• **Activity**:
Every line from the one containing "SHEIN 新生兒休閒可愛熊刺繡長褲 春/秋款 - 藍色 - 查看 3" to the final line of the material below must be reproduced exactly; leave out all other lines.

━━━ Task data ━━━

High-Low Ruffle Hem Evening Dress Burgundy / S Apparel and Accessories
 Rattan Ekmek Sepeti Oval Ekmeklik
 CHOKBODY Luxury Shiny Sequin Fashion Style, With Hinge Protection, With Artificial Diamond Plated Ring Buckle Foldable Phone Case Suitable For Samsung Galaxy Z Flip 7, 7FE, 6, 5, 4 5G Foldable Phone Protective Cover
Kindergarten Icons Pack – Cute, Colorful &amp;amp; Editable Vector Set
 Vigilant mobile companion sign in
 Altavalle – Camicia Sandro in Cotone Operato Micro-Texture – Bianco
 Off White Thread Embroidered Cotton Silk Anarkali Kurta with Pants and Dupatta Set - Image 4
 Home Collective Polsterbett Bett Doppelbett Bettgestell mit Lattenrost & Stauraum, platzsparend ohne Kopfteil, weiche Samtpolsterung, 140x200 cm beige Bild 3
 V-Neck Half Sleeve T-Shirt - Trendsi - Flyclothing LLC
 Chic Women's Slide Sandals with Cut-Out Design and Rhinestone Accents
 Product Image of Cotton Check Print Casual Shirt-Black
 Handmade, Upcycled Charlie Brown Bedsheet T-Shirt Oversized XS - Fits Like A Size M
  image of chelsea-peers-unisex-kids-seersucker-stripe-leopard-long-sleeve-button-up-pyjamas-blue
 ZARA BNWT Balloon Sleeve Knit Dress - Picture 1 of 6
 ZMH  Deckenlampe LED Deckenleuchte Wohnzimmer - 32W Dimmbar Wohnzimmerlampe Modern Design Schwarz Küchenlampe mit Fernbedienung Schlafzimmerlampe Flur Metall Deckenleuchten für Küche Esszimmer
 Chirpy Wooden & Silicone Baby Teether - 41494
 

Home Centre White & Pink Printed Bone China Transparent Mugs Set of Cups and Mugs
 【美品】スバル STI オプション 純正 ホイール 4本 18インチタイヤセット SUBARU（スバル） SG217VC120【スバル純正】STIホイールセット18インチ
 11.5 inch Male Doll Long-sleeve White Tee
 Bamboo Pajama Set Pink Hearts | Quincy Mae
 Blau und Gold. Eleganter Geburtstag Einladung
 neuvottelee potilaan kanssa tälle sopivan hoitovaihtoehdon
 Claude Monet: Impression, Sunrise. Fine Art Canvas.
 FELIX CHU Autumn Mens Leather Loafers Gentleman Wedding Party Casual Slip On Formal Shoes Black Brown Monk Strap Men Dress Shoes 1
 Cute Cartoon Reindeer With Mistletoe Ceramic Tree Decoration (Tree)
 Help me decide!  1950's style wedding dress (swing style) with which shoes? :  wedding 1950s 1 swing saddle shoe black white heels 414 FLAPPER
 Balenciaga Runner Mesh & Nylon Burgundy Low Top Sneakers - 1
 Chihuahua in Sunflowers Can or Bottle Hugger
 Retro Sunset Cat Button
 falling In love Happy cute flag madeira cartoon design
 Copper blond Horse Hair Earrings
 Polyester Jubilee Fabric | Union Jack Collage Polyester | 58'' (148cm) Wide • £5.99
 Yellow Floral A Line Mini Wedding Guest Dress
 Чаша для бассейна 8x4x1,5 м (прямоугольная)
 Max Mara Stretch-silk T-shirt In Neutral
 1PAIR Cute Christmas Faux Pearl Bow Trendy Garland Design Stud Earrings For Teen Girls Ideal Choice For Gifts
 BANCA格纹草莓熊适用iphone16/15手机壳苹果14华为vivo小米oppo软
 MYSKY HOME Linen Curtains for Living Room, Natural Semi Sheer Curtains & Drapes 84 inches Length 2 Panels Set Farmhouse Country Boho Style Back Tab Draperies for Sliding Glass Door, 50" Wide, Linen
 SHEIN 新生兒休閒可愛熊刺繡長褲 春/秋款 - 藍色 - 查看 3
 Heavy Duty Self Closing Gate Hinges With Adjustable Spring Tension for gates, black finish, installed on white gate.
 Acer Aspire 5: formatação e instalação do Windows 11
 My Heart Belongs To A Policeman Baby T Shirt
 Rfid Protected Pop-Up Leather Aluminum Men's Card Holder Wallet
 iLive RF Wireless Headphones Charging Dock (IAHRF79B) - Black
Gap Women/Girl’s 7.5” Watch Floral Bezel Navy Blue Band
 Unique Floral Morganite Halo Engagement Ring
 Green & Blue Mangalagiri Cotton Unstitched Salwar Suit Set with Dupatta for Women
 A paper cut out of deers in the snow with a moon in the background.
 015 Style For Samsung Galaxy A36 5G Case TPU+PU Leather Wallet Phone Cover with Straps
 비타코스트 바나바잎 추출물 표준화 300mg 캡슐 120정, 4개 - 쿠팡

━━━

• **Answer for this exercise**:
 SHEIN 新生兒休閒可愛熊刺繡長褲 春/秋款 - 藍色 - 查看 3
 Heavy Duty Self Closing Gate Hinges With Adjustable Spring Tension for gates, black finish, installed on white gate.
 Acer Aspire 5: formatação e instalação do Windows 11
 My Heart Belongs To A Policeman Baby T Shirt
 Rfid Protected Pop-Up Leather Aluminum Men's Card Holder Wallet
 iLive RF Wireless Headphones Charging Dock (IAHRF79B) - Black
Gap Women/Girl’s 7.5” Watch Floral Bezel Navy Blue Band
 Unique Floral Morganite Halo Engagement Ring
 Green & Blue Mangalagiri Cotton Unstitched Salwar Suit Set with Dupatta for Women
 A paper cut out of deers in the snow with a moon in the background.
 015 Style For Samsung Galaxy A36 5G Case TPU+PU Leather Wallet Phone Cover with Straps
 비타코스트 바나바잎 추출물 표준화 300mg 캡슐 120정, 4개 - 쿠팡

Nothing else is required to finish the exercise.